Making Etiquette Easy: Corrections

Image from USC

It's fair to say that correcting someone's grammar or etiquette in public is a worse show of decorum than the original offense. But what do you do when someone is blatantly in the wrong to the point that you or others feel uncomfortable their behavior?

If you are a parent, teacher, or employer, it is acceptable to correct your child, student, or employee respectively. But if you are a friend, coworker, stranger or even family member, there are a few different rules that should apply.

First, it is important to consider your relationship to the person as well as the necessity of making the correction (i.e. if the person was about to do something life threatening, by all means make quite a clamor).

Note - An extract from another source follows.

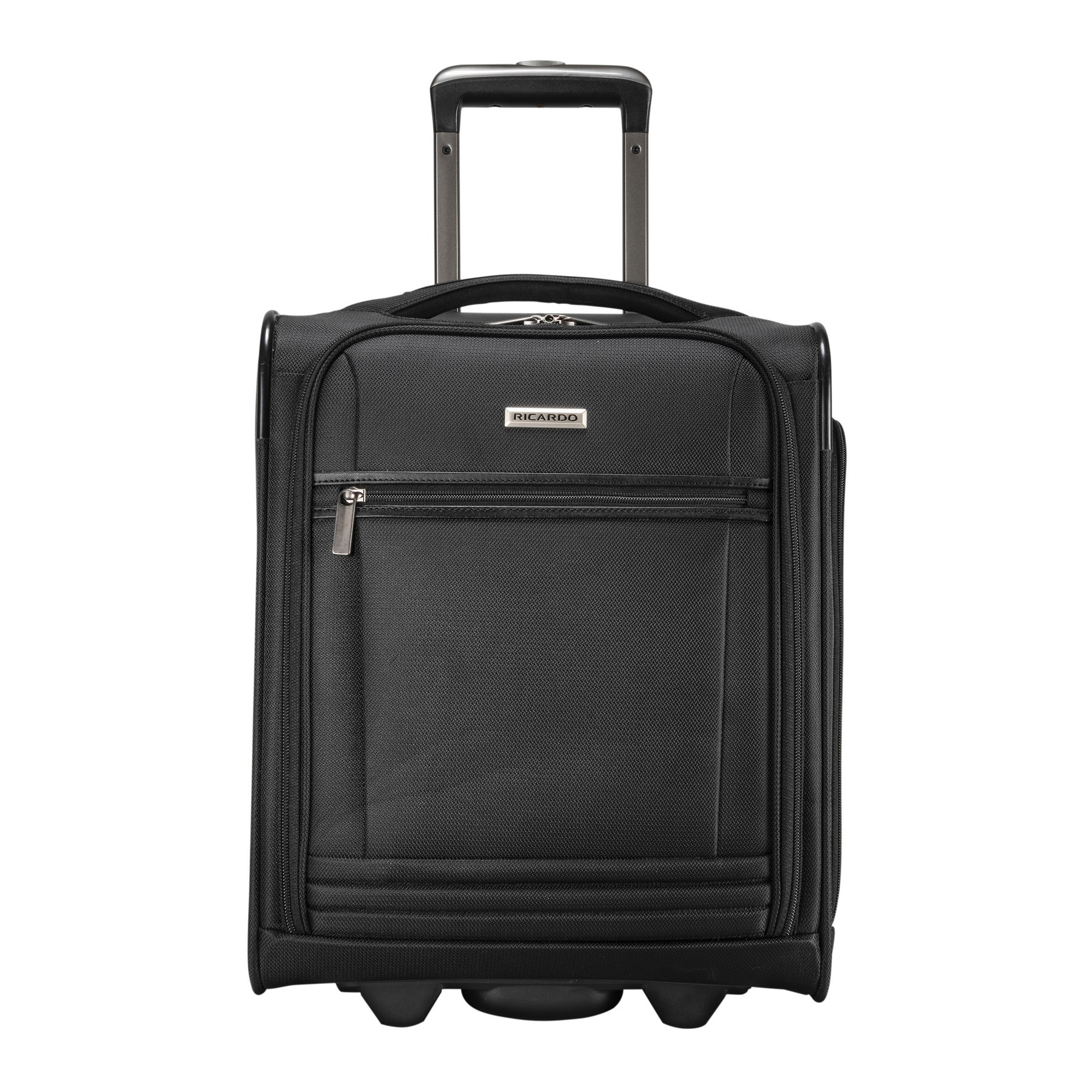 Picture of Ricardo® Avalon Softside 16" Small Carry-on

The main thing to consider is to make sure you are correcting them out of humility. If you thrive on other people's weaknesses, it might be best to keep quiet. Another sincere way of helping them is to speak with them privately. Usually, correcting someone in public is very humiliating and reflects poorly on your character. This may not be true in some specific business situations whereby your knowledge could save time or money. But for the most part, patience with someone's lack of manners demonstrates your own.

If you do handle the private conversation tactfully, you might receive a surprisingly gracious response. Helping people avoid future embarrassment is a very polite thing to do. Remember that your correction should be for their own edification and not your own. And if they respond spitefully or embarrassed, let them discover their next error in their own time.